_Data shown_
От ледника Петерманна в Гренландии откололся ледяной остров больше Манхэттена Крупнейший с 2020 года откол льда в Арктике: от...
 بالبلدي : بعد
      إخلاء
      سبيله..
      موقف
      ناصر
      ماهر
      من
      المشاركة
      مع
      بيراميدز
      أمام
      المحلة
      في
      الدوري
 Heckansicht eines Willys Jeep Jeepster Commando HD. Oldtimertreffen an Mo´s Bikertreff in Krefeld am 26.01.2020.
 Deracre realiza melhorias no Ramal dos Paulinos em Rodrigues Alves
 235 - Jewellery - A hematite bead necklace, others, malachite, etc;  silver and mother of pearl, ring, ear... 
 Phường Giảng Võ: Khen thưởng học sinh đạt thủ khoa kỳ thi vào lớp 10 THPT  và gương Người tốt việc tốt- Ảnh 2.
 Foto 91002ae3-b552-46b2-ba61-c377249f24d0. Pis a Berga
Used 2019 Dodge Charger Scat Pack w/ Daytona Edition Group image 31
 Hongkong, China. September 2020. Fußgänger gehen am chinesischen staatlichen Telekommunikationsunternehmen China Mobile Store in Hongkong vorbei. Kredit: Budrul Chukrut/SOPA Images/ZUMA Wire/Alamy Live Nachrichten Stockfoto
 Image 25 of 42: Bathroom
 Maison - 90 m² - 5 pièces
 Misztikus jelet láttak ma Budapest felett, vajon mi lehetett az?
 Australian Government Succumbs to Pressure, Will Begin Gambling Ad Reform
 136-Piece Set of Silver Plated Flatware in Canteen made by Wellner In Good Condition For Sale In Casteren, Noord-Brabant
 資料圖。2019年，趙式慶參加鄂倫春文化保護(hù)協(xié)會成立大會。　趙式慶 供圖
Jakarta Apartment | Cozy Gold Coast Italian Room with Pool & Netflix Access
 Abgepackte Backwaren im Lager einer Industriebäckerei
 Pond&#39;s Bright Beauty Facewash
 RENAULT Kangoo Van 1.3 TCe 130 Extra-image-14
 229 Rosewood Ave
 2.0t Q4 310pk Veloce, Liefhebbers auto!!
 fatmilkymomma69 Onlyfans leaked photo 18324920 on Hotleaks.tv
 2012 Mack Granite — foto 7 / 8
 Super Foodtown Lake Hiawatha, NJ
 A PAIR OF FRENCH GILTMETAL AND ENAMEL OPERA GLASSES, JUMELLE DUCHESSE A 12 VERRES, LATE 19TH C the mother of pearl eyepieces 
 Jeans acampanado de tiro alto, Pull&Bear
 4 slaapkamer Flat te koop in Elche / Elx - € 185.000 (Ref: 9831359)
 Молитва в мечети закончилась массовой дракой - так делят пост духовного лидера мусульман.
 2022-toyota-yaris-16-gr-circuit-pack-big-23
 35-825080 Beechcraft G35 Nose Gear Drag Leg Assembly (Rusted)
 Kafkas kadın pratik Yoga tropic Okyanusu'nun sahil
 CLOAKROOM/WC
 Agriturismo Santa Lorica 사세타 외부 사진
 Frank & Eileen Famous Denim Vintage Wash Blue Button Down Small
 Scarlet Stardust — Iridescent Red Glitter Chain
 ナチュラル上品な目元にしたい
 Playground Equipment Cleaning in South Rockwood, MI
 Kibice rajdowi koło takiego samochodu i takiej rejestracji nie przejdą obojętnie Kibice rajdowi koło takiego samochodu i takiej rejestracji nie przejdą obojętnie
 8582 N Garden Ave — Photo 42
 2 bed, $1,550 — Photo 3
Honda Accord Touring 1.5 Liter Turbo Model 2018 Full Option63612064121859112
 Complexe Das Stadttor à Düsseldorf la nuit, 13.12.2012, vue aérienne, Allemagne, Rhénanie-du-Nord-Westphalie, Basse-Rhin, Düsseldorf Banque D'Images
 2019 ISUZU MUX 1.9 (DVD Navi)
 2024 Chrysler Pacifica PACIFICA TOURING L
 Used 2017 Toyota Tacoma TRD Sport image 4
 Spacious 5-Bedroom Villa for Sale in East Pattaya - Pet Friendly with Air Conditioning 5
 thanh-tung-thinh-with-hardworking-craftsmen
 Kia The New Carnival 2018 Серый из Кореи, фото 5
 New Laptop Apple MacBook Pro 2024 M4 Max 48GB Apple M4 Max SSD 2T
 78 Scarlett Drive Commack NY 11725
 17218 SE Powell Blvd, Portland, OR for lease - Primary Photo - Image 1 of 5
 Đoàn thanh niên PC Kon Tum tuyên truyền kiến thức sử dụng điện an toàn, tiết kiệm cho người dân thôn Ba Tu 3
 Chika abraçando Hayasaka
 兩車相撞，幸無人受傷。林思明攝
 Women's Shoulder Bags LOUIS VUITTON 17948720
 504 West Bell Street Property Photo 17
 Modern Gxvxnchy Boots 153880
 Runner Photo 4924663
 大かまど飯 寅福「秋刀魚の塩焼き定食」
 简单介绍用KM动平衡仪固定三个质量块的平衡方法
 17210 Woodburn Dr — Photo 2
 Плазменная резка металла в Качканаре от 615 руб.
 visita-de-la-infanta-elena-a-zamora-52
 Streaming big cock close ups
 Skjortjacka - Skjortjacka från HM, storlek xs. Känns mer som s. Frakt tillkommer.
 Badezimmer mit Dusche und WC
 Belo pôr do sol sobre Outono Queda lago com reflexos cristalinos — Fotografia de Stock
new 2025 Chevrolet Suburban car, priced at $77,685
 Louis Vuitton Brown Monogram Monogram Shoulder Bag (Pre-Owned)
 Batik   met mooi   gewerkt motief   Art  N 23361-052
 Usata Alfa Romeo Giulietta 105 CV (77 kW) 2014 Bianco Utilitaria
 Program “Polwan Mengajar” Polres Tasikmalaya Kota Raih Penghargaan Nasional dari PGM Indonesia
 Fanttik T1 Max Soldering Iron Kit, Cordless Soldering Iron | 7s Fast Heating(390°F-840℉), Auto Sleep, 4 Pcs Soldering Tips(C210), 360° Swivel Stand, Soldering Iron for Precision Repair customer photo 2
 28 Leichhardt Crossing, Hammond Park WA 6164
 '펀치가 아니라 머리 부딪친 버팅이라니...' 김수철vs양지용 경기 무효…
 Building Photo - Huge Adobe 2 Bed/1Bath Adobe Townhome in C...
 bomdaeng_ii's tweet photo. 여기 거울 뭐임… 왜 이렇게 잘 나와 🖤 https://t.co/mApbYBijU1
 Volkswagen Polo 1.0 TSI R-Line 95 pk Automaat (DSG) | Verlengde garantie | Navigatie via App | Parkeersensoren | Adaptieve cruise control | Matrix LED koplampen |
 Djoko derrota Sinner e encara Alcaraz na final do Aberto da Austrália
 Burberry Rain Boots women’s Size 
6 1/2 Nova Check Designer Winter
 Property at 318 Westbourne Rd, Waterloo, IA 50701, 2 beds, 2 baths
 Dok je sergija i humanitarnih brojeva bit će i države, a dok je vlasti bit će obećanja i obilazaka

_Task brief_
In the listing above, find the line with "Maison - 90 m² - 5 pièces" and the line with "2.0t Q4 310pk Veloce, Liefhebbers auto!!", then print exactly those two lines and every line between them, and nothing more.

_Solution to this exercise_
 Maison - 90 m² - 5 pièces
 Misztikus jelet láttak ma Budapest felett, vajon mi lehetett az?
 Australian Government Succumbs to Pressure, Will Begin Gambling Ad Reform
 136-Piece Set of Silver Plated Flatware in Canteen made by Wellner In Good Condition For Sale In Casteren, Noord-Brabant
 資料圖。2019年，趙式慶參加鄂倫春文化保護(hù)協(xié)會成立大會。　趙式慶 供圖
Jakarta Apartment | Cozy Gold Coast Italian Room with Pool & Netflix Access
 Abgepackte Backwaren im Lager einer Industriebäckerei
 Pond&#39;s Bright Beauty Facewash
 RENAULT Kangoo Van 1.3 TCe 130 Extra-image-14
 229 Rosewood Ave
 2.0t Q4 310pk Veloce, Liefhebbers auto!!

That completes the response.